44. In Order No. 733, the Commission directed NERC to include supervisory relay elements on the list of relays and protection systems that are specifically subject to the PRC-023 Reliability Standard.[49] In Order No. 733-B, the Commission clarified that its directive regarding the applicability of the Reliability Standard to supervisory relays does not foreclose the development of an approach tailored to eliminate application of the standard to some supervisory relays but not to others, where technically justified.[50]

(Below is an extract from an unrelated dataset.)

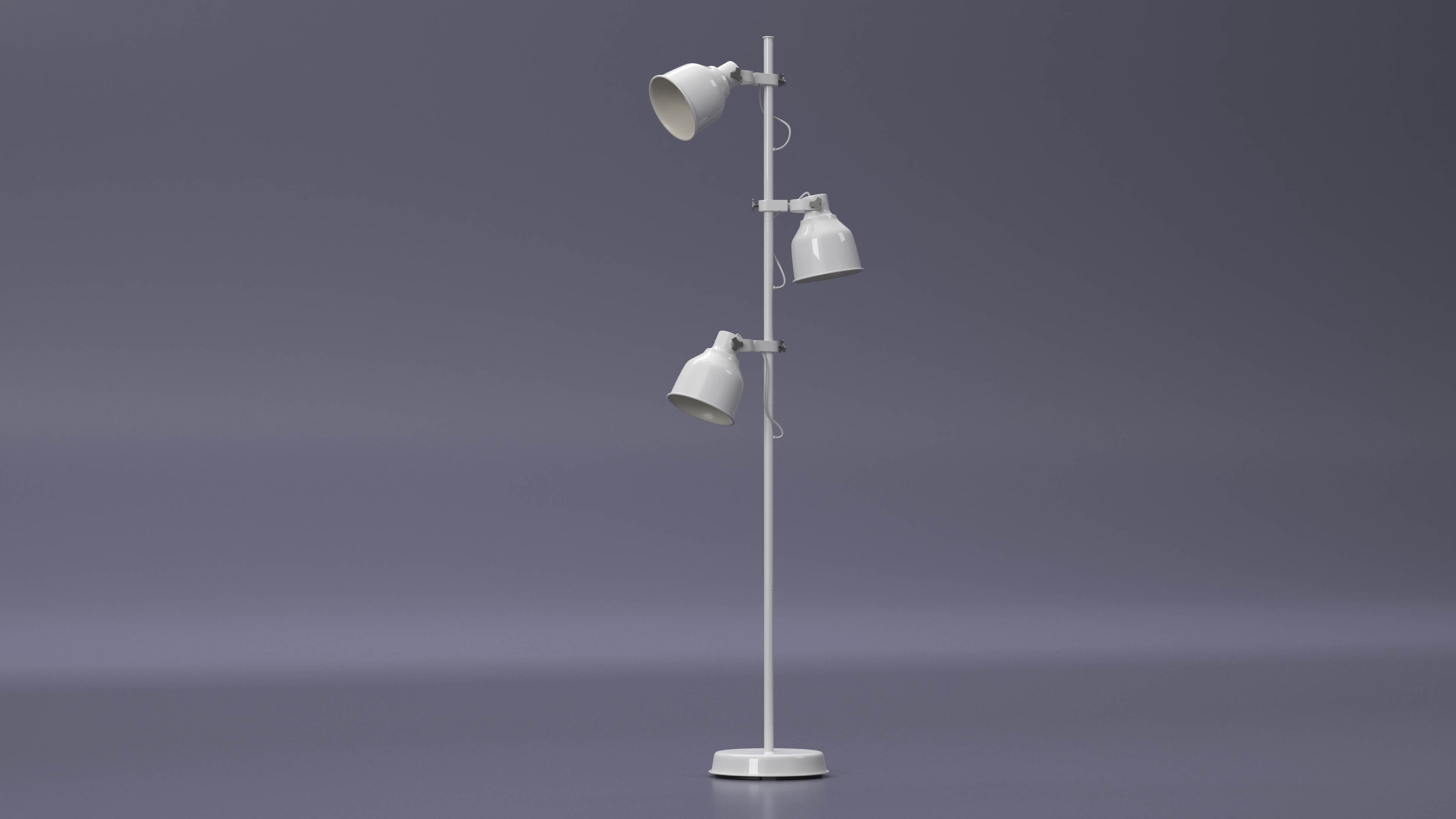 Modern Three-Point Floor Lamp 3D model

45. In response to the directive, NERC modified Attachment A of Reliability Standard PRC-023-2, which identifies types of protection systems that are subject to, and others that are excluded from, the standard. In part, Attachment A provides that “this standard includes any protective functions which could trip with or without time delay, on load current, including but not limited to * * * 1.6. Phase overcurrent supervisory elements (i.e., phase fault detectors) associated with current-based, communication-assisted schemes * * * where the scheme is capable of tripping for loss of communications.” In the March 18 Petition, NERC explained that section 1.6, while addressing a subset of supervisory relays, is equally effective and efficient in addressing the Commission's reliability concern. According to NERC, including all supervisory relays would have unintended negative impacts on system reliability by impacting the dependability and security of certain protection systems.[51] NERC explains that supervisory overcurrent elements used as fault detectors “by themselves cannot trip on load current, with or without time delay. Since the trip logic requires assertion of the fault detector and the supervised protective function (which already is required to meet the loadability requirements), the overall protective function will meet the loadability requirement.” [52]

Comments

46. In its comments, MISO raises a concern that an interpretation of the term “phase overcurrent supervisory elements” in section 1.6 of Attachment A that includes elements in a unanimous consent scheme could lead to unnecessary facility limit reductions.[53] MISO asks the Commission to clarify that it is acceptable to consider “unanimous consent” logic when evaluating transmission relay loadability. According to MISO, “[i]f a relay scheme contains multiple relay elements and requires `unanimous consent' among two or more of the relay elements in order to initiate a tripping action [of a circuit breaker], transmission relay loadability should be based solely on the relay element that is least sensitive to load so long as the relay elements could never initiate a tripping action without the operation of the relay element least sensitive to load.” [54]

Commission Determination

47. Giving due weight to NERC's technical expertise on this issue, we approve NERC's modification to Attachment A and find that NERC has developed an equally efficient and effective approach to addressing the Order No. 733 directive regarding supervisory relays. NERC's proposal identifies a subset of supervisory relay elements, consistent with the Commission's clarification in Order No. 733-B.

48. We deny MISO's request for clarification. There are various types of protection schemes. MISO describes a specific protection scheme that uses unanimous consent logic and asks whether elements of the scheme are subject to Reliability Standard PRC-023-2. This is a fact intensive inquiry, and we will not rule on this matter based on the information provided in MISO's comments. If MISO seeks further clarification of this issue, it should pursue the matter with NERC. The Commission will not make a determination on MISO's specific scenario without a complete record and without it going through NERC's Reliability Standards development process or interpretation process.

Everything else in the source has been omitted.